**TASK**
Restate word for word the part of the material that runs from the line containing "Custom Spain Football" through its final line, inclusive, minus the pictures.

**STORED DATA**
-=-=-

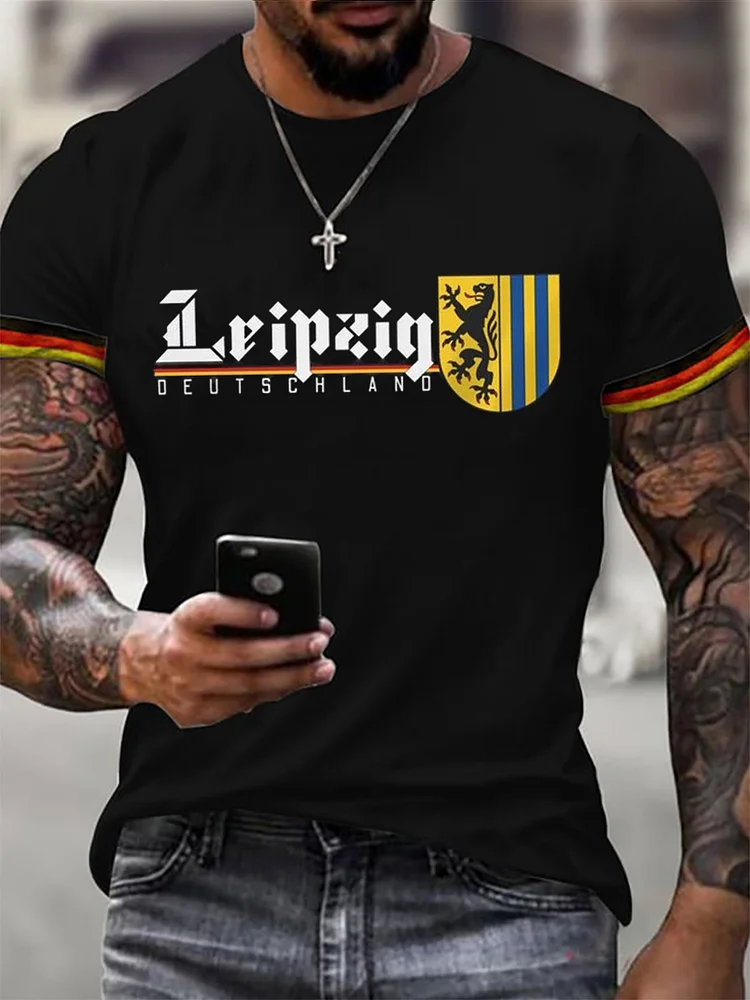 Langarm-T-Shirt f&uuml;r Herren Leipzig Deutschland bedruckt
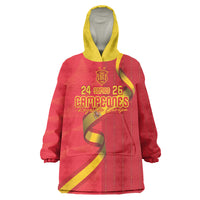 Custom Spain Football Wearable Blanket Hoodie World Champions and Kings of Europe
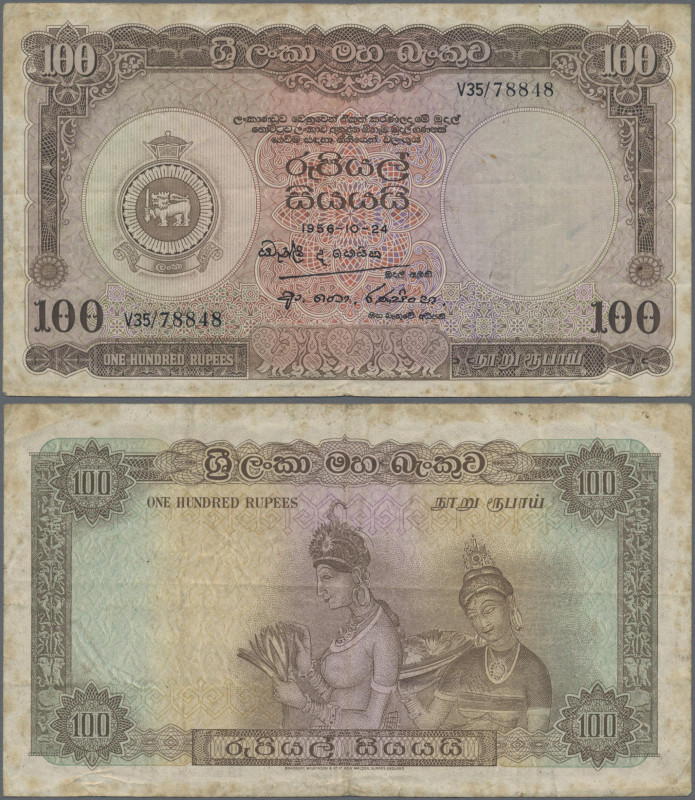 Ceylon: Central Bank of Ceylon, 100 Rupees 1956, P.61, very rare banknote in sti...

-=-=-

**THE COMPLETED TASK**
 Custom Spain Football Wearable Blanket Hoodie World Champions and Kings of Europe
 Ceylon: Central Bank of Ceylon, 100 Rupees 1956, P.61, very rare banknote in sti...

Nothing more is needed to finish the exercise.